EXERCISE OBJECTIVE:
Repeat every line of the data exactly; no picture belongs in the copy.
____ DATA
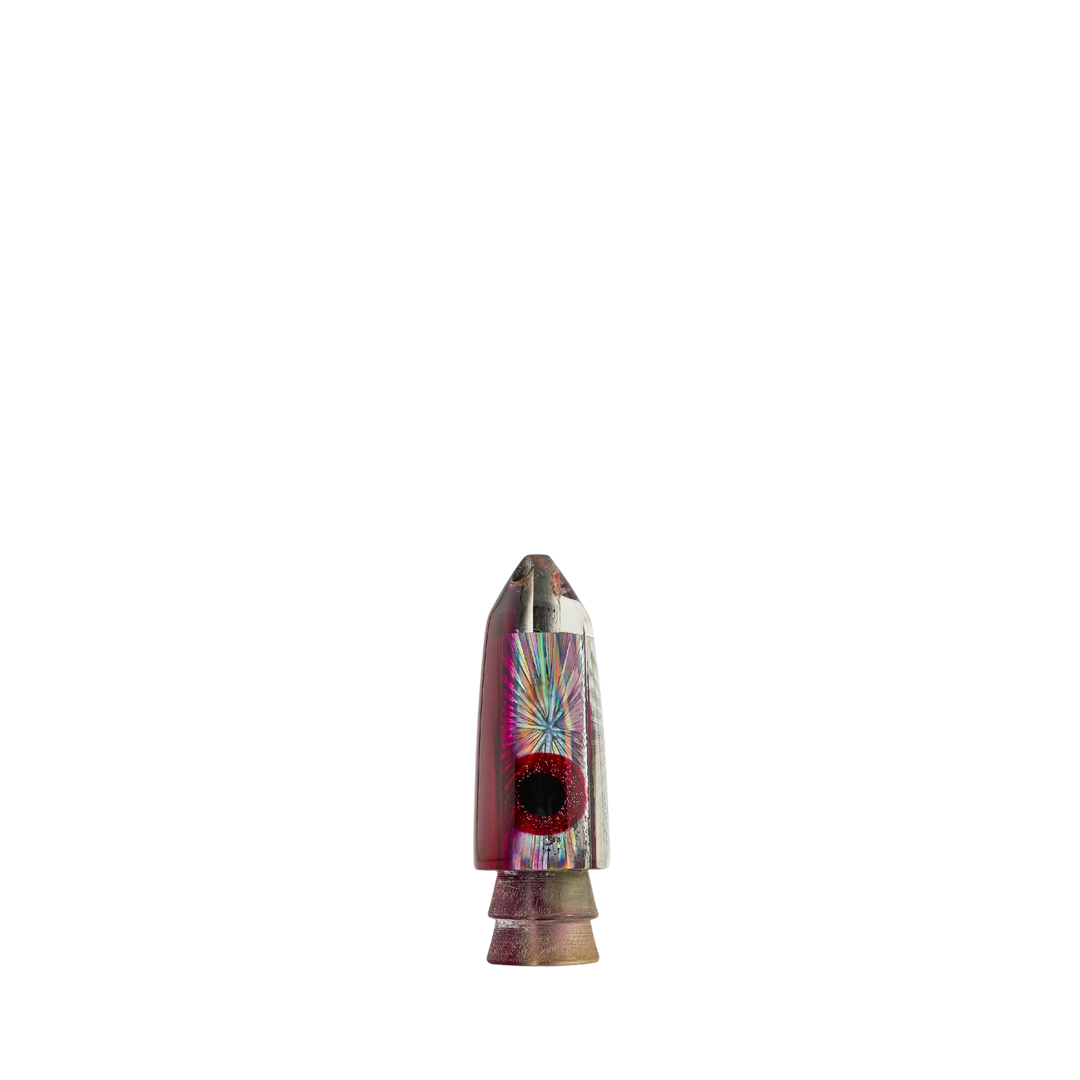 Leroy Lures: History & Lure Identification Guide | Luremonger 7" Bullet, Purple Top Starburst - Offshore Trolling Lure Archive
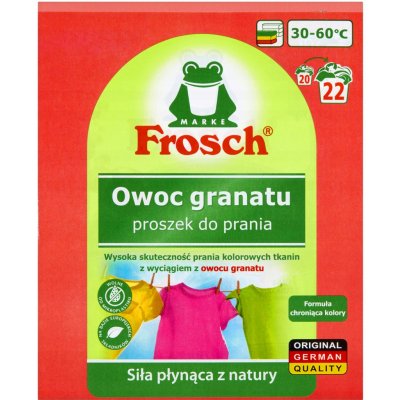 Frosch prací prášek na barevné prádlo Granátové jablko 22 PD 1,45 kg – Hledejceny.cz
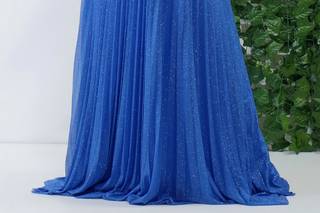 Vestido azul para casamento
________
WRITTEN SOLUTION:
 Leroy Lures: History & Lure Identification Guide | Luremonger 7" Bullet, Purple Top Starburst - Offshore Trolling Lure Archive
 Frosch prací prášek na barevné prádlo Granátové jablko 22 PD 1,45 kg – Hledejceny.cz
 Vestido azul para casamento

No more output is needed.